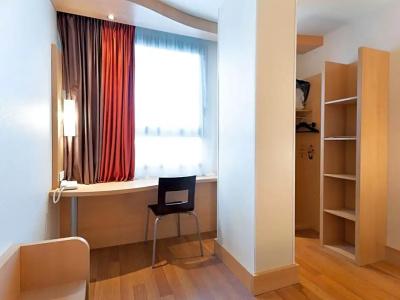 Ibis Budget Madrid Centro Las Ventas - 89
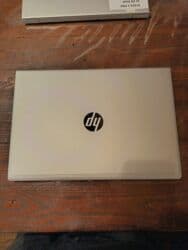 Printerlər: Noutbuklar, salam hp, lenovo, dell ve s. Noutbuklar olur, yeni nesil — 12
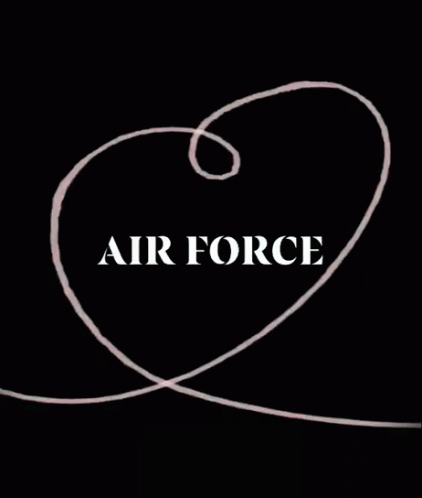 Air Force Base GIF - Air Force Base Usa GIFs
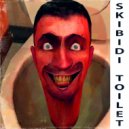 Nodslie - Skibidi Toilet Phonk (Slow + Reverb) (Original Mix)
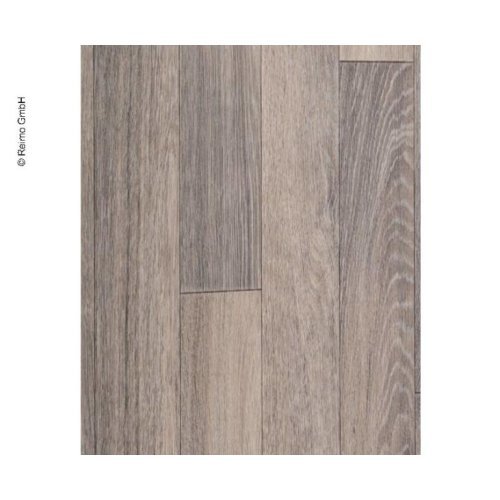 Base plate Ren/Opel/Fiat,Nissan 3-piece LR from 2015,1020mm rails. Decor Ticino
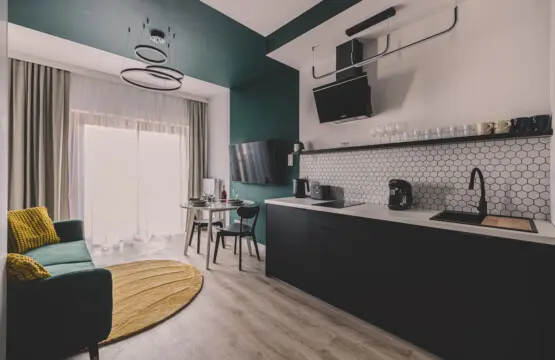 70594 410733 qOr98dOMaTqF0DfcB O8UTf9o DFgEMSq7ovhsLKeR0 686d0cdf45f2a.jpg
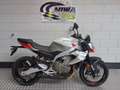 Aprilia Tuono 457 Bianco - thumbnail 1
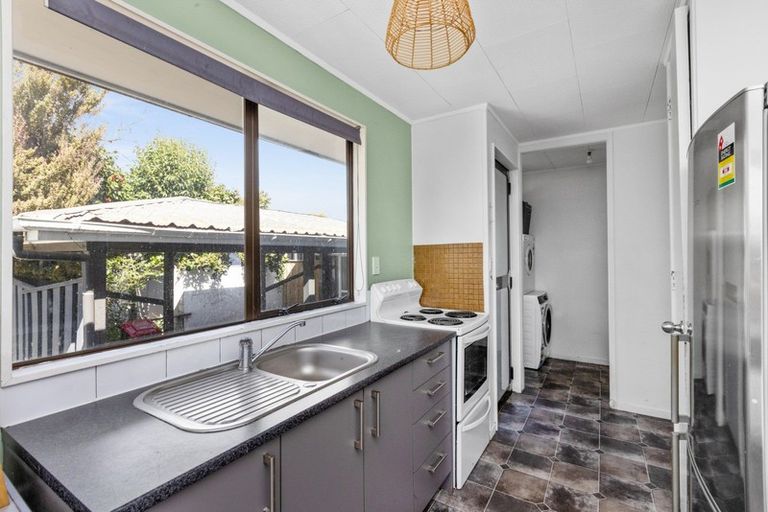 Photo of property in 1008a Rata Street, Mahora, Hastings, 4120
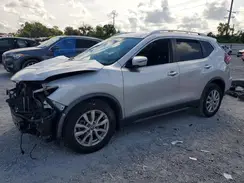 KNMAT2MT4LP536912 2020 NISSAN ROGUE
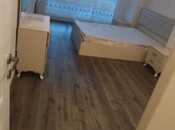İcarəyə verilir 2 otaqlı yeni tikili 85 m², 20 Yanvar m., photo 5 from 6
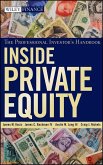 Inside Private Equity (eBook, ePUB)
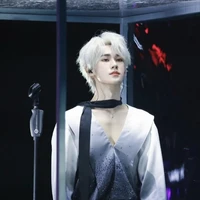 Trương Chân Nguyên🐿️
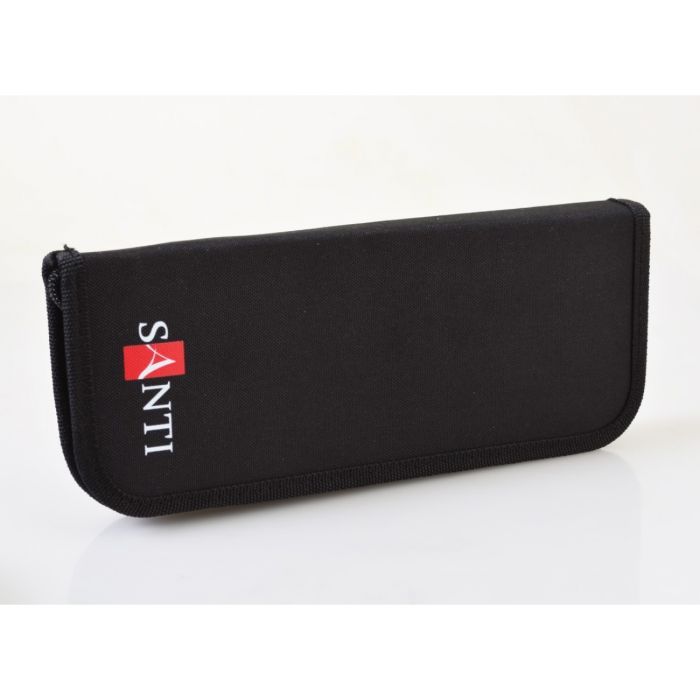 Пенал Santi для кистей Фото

Your instructions
Would you output the lines above from the line holding "Air Force Base GIF - Air Force Base Usa GIFs" up to and including the line holding "Aprilia Tuono 457 Bianco - thumbnail 1", exactly and only those, with no pictures?

Answer space
 Air Force Base GIF - Air Force Base Usa GIFs
 Nodslie - Skibidi Toilet Phonk (Slow + Reverb) (Original Mix)
 Base plate Ren/Opel/Fiat,Nissan 3-piece LR from 2015,1020mm rails. Decor Ticino
 70594 410733 qOr98dOMaTqF0DfcB O8UTf9o DFgEMSq7ovhsLKeR0 686d0cdf45f2a.jpg
 Aprilia Tuono 457 Bianco - thumbnail 1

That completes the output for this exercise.